Snow Bunting (Plectrophenax nivalis)



Snow Bunting © Richard Steel

Snow Bunting © Richard Steel

Probably ten thousand or more Snow Buntings winter in Britain, mostly along the east coast and the highest hills, but few of them make it to Cheshire and Wirral (BTO Winter Atlas). The numbers vary greatly from one year to another. Its rarity and unpredictability, together with the attractiveness of the species make this a bird that is much sought after to brighten a winter’s day. They have, however, become distinctly scarcer in recent years, perhaps because of the warming climate.

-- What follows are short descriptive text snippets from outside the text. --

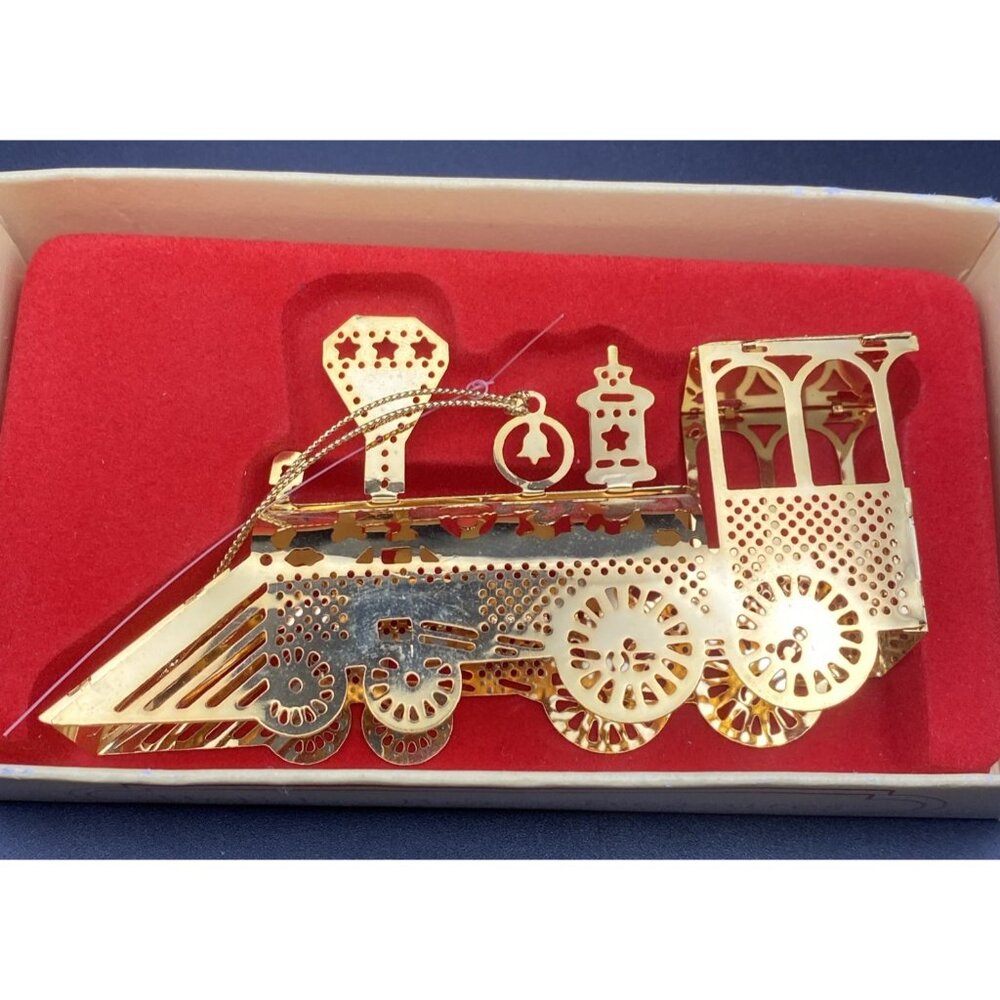 Russ Berrie 1986 Gold Tone Train Ornament Box Vintage Christmas Locomotive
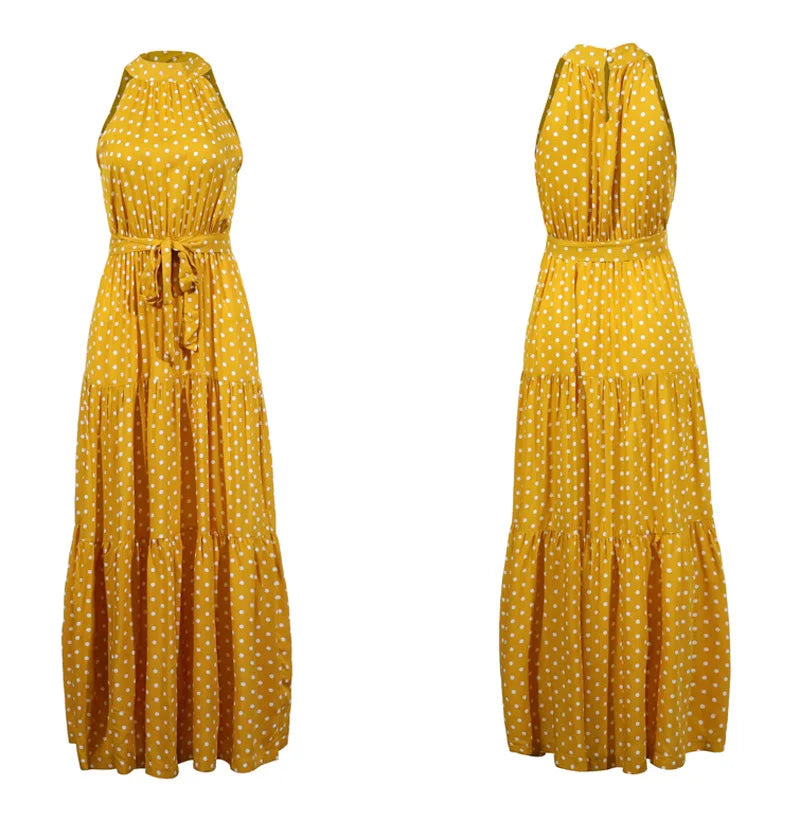 Summer Floral Print Halter Neck Dresses For Women Sleeveless Leace-up Long Dress Casual Beach Holiday Vestidos Female Clothing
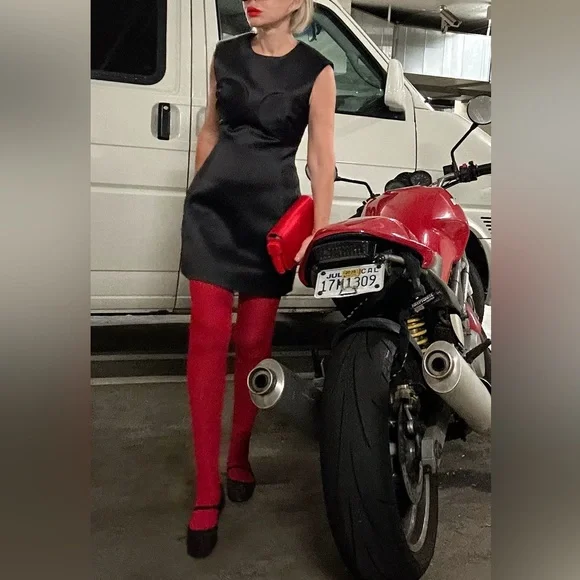 Valentino Silk Blend Ribbed Tights.Brand New. red wine color - Picture 3 of 11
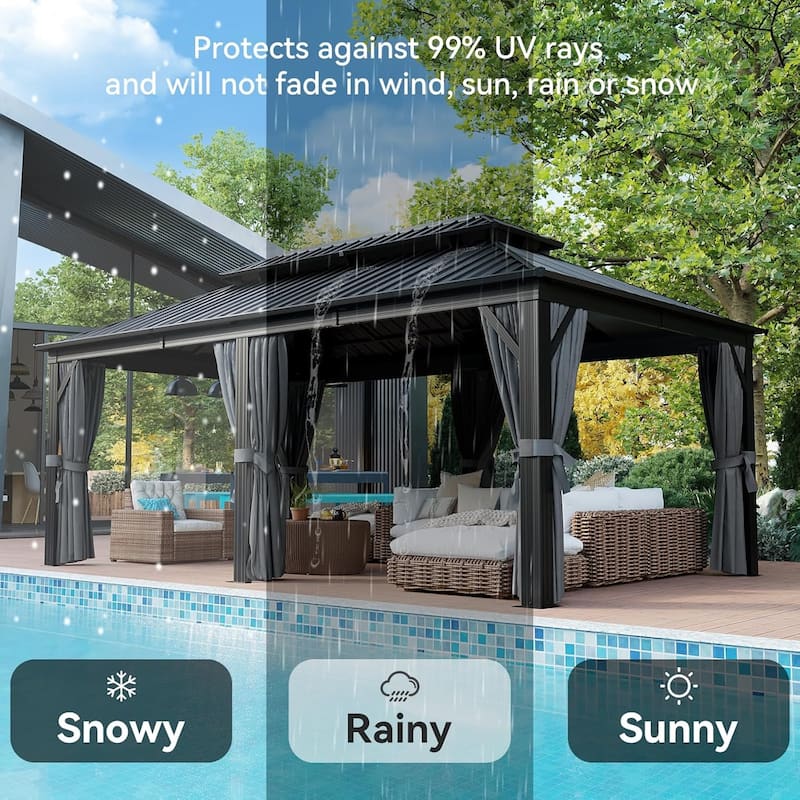 Hardtop Gazebo with Double Galvanized Steel Roof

Snow Buntings have a circumpolar breeding range on the Arctic tundra, with another race (insulae), darker and more sedentary, breeding in Iceland and the Scottish mountains: both races winter here, with the birds of the nominate race thought to be from Scandinavia and Greenland. Most of those wintering in England are females and first-year birds (Brown & Grice 2005), males tending to winter farther north, closer to or even on their breeding territories; within Britain, males and adults are likely to winter in montane sites rather than the coast (Migration Atlas). As a bird of short, open vegetation, feeding by picking seeds from the ground or low creeping plants, Snow Buntings frequent two habitats, at the lowest and highest altitudes. They particularly favour sandy shores with a carpet of dune colonising plants or the lower levels of saltmarshes. In upland areas the main diet is probably seeds of rushes juncus, although they will take seeds from moor grasses and heather. They also take invertebrates when they can, especially sandhoppers on the shore.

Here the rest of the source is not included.